University of Virginia School of Medicine
Principles of Medicine Committee
- Curriculum Reform: This will be a year of curriculum reform. Using the report of the recent Education Task Force (ETF), the Curriculum Committee will be considering major changes in the medical curriculum. This process will begin with a Curriculum Retreat on Saturday, September 20th, from 8:30-3:00 for the members of the Curriculum Committee, Principles of Medicine Committee and Clinical Medicine Committee. One of the major themes of this retreat is integration of the curriculum. All members of the Curriculum Committee are encouraged to read the ETF report carefully.
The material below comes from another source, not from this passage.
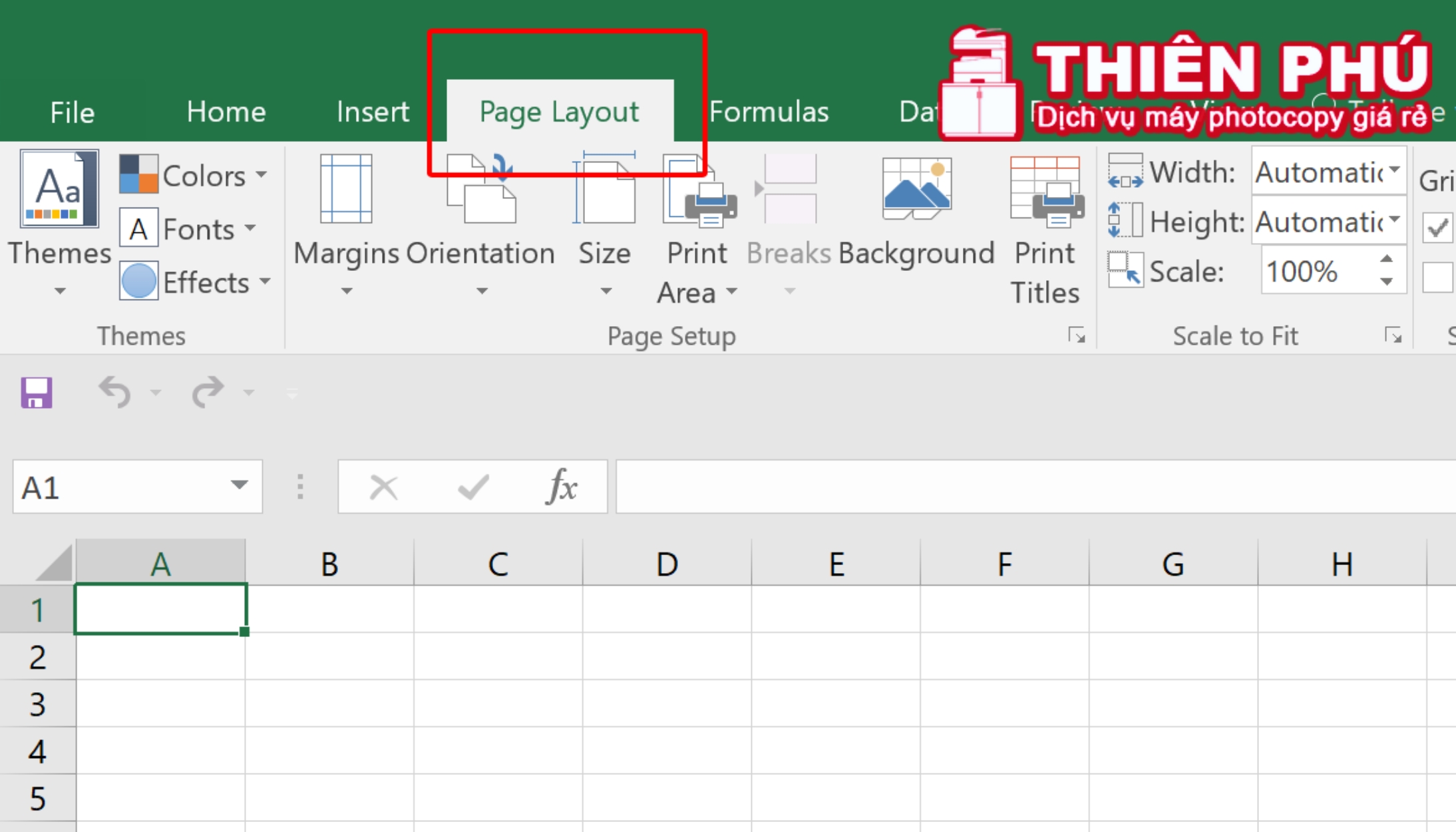 Lựa chọn tab page layout trên excel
- Student Advisory Committee: Course directors are reminded that each course should have a Student Advisory Committee (SAC). The SAC has two purposes: 1) to serve the needs of the Course Director for student feedback and student assessment of the course and 2) to provide information to the Student Medical Education Committee (SMEC). Maureen Dale indicated that SMEC would like each SAC to provide an end-of-course report. Darci Lieb asked whether it would be possible for course directors to receive copies of the end-of-course reports and to see the SMEC minutes.
- Audiovisual Advisory Committee: John Jackson (Office of Medical Education) indicated that he was forming an Audiovisual Advisory Committee for the new medical education building and asked for volunteers from among course directors. He received a good response and the composition of this advisory committee will be: Bob Bloodgood, Brian Duling, Don Innes, Darci Lieb, Melanie McCollum and Julie Turner.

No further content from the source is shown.